(Data provided):

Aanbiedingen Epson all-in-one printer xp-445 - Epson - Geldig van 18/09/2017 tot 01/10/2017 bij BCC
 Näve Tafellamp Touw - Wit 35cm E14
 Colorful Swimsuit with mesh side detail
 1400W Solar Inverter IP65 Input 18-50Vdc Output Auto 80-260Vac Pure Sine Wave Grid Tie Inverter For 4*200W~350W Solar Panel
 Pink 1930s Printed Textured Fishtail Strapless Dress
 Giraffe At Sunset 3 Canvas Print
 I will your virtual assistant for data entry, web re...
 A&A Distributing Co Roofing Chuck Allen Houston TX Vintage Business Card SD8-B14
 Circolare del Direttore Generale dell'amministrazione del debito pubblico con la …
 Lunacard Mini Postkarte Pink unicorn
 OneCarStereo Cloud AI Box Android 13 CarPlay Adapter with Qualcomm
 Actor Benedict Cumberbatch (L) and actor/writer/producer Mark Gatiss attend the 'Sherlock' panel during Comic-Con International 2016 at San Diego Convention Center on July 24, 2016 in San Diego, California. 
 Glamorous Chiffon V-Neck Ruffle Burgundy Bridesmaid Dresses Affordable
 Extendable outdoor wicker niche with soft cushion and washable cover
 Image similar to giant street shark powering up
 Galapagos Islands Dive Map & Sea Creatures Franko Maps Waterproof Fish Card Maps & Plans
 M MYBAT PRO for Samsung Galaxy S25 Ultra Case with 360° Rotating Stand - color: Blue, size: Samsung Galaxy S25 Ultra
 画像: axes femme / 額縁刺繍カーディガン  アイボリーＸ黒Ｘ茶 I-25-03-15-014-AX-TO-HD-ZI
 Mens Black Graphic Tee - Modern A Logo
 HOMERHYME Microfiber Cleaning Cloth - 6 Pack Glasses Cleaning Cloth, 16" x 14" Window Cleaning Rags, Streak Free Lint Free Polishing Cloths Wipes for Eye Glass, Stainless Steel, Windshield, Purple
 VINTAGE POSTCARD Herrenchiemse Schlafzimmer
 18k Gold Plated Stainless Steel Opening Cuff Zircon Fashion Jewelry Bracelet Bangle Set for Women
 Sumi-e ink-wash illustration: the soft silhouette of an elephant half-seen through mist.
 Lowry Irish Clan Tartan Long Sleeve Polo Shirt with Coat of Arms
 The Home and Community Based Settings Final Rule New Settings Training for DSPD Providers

(Exercise details):
Line by line, please copy the records above exactly.

(Answer below):
Aanbiedingen Epson all-in-one printer xp-445 - Epson - Geldig van 18/09/2017 tot 01/10/2017 bij BCC
 Näve Tafellamp Touw - Wit 35cm E14
 Colorful Swimsuit with mesh side detail
 1400W Solar Inverter IP65 Input 18-50Vdc Output Auto 80-260Vac Pure Sine Wave Grid Tie Inverter For 4*200W~350W Solar Panel
 Pink 1930s Printed Textured Fishtail Strapless Dress
 Giraffe At Sunset 3 Canvas Print
 I will your virtual assistant for data entry, web re...
 A&A Distributing Co Roofing Chuck Allen Houston TX Vintage Business Card SD8-B14
 Circolare del Direttore Generale dell'amministrazione del debito pubblico con la …
 Lunacard Mini Postkarte Pink unicorn
 OneCarStereo Cloud AI Box Android 13 CarPlay Adapter with Qualcomm
 Actor Benedict Cumberbatch (L) and actor/writer/producer Mark Gatiss attend the 'Sherlock' panel during Comic-Con International 2016 at San Diego Convention Center on July 24, 2016 in San Diego, California. 
 Glamorous Chiffon V-Neck Ruffle Burgundy Bridesmaid Dresses Affordable
 Extendable outdoor wicker niche with soft cushion and washable cover
 Image similar to giant street shark powering up
 Galapagos Islands Dive Map & Sea Creatures Franko Maps Waterproof Fish Card Maps & Plans
 M MYBAT PRO for Samsung Galaxy S25 Ultra Case with 360° Rotating Stand - color: Blue, size: Samsung Galaxy S25 Ultra
 画像: axes femme / 額縁刺繍カーディガン  アイボリーＸ黒Ｘ茶 I-25-03-15-014-AX-TO-HD-ZI
 Mens Black Graphic Tee - Modern A Logo
 HOMERHYME Microfiber Cleaning Cloth - 6 Pack Glasses Cleaning Cloth, 16" x 14" Window Cleaning Rags, Streak Free Lint Free Polishing Cloths Wipes for Eye Glass, Stainless Steel, Windshield, Purple
 VINTAGE POSTCARD Herrenchiemse Schlafzimmer
 18k Gold Plated Stainless Steel Opening Cuff Zircon Fashion Jewelry Bracelet Bangle Set for Women
 Sumi-e ink-wash illustration: the soft silhouette of an elephant half-seen through mist.
 Lowry Irish Clan Tartan Long Sleeve Polo Shirt with Coat of Arms
 The Home and Community Based Settings Final Rule New Settings Training for DSPD Providers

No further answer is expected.